It doesn't help that Sang-Woo is essentially a spoiled brat. Children are inherently selfish creatures but Sang-Woo exhibits few if any redeeming qualities and realizes his grandmother's worth so late in the film that it is almost just another excuse to bawl. Grandmother, on the other hand, is a wonderful, bent spirit of nurturing as embodied by Eul-boon Kim. Her slow, steady movements are at one with the natural landscape. The film's central conflict is wrapped up in its center when Sang-Woo demands food that he is used to, showing grandmother a glossy menu card and screaming for KFC. She makes an arduous trek to obtain a live chicken, obviously a luxury, and sits back in confusion, eyebrows knotted together, when her boiled offering is rejected.

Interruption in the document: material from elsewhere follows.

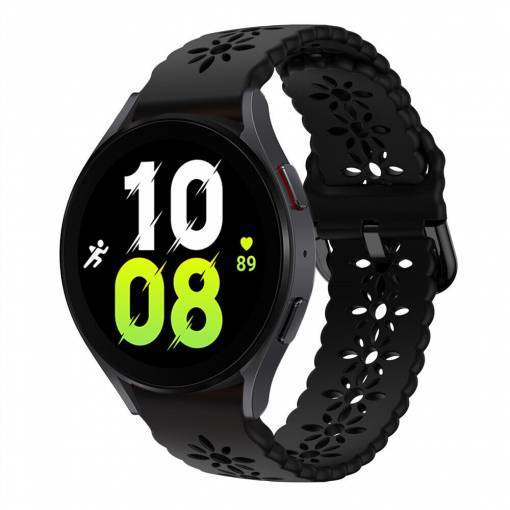 Foto - eses Silikonový řemínek dírkovaný se vzorem pro Samsung Galaxy Watch 4, 5, 6, 7 - Černý, 20 mm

Jeong-hyang Lee choreographs his two protagonists so that they seem to circle one another in the anti-magnetic throes of technology vs. nature. In one sequence, Sang-Woo roller blades around his grandmother as she slowly cleans the floor, then he's seen jumping to reach a pot that she magically straightens to retrieve for him. Editors Jae-beom Kim and Sang-Beom Kim achieve a rhythmic montage with cinematographer Hong-shik Yoon's beautifully framed images. Grandmother watches a sunset. Sang-Woo ambles by in the background, turns to see what she's looking at, shrugs and moves out of frame.
Jeong-hyang Lee's simple tale never delves into the relationship between mother and daughter, with Sang-Woo's parent represented almost like the disembodied, high-heeled legs that represent adults in Peanuts animations. "The Way Home" is dedicated to grandmothers everywhere, but while it does well by them, the children they care for give weight to the old W.C. Fields' quote "I like children - fried."